[Captioned web images]
────────────────────
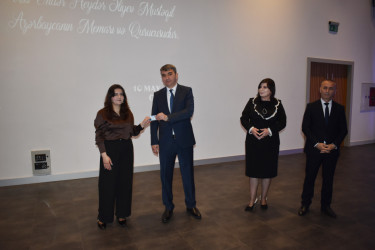 Rayonda Ulu Öndər Heydər Əliyevin anadan olmasının 102-ci ildönümü qeyd edilib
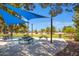The community park includes picnic tables with covered shade structures near grassy areas at 592 W Harvard Ave, Gilbert, AZ 85233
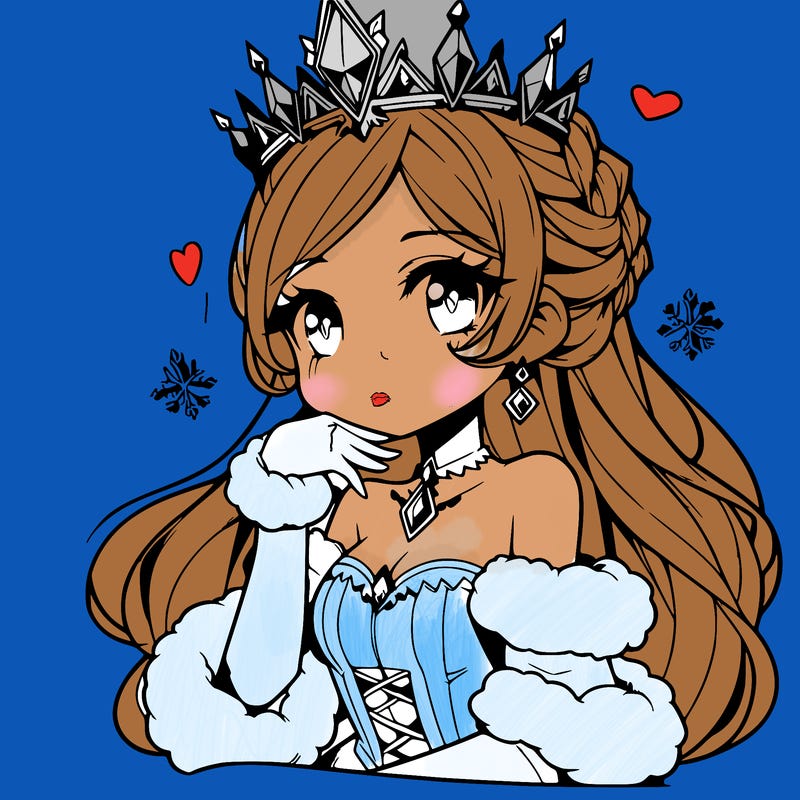 manga ice queen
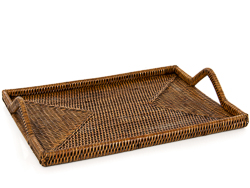 Bandeja rattan tailandia 43x30cm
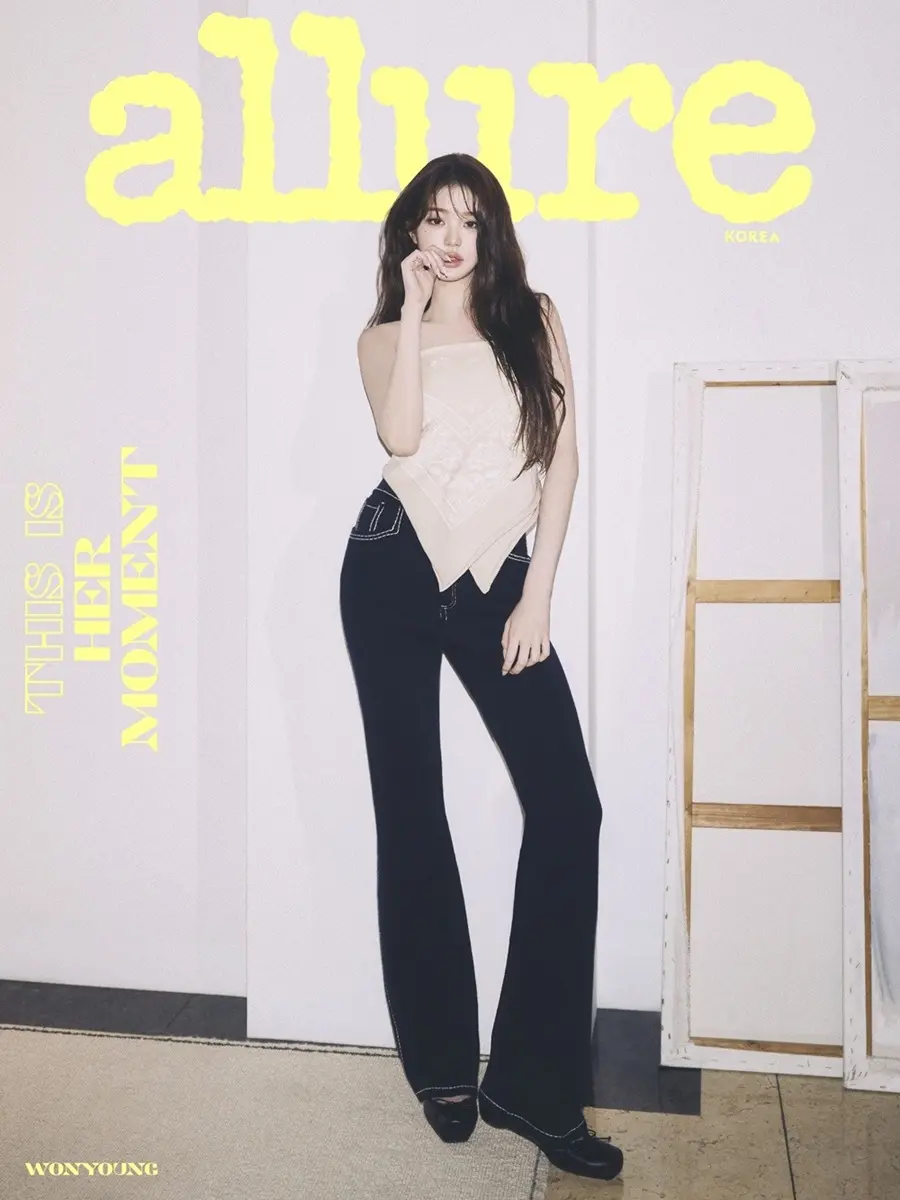 (IVE) Jang Wonyoung @ allure Korea February 2026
────────────────────
▸ EXERCISE DESCRIPTION: A picture-free version of all the records, repeated exactly, is what to return.

▸ SOLUTION FOR THIS EXERCISE:
 Rayonda Ulu Öndər Heydər Əliyevin anadan olmasının 102-ci ildönümü qeyd edilib
The community park includes picnic tables with covered shade structures near grassy areas at 592 W Harvard Ave, Gilbert, AZ 85233
 manga ice queen
 Bandeja rattan tailandia 43x30cm
 (IVE) Jang Wonyoung @ allure Korea February 2026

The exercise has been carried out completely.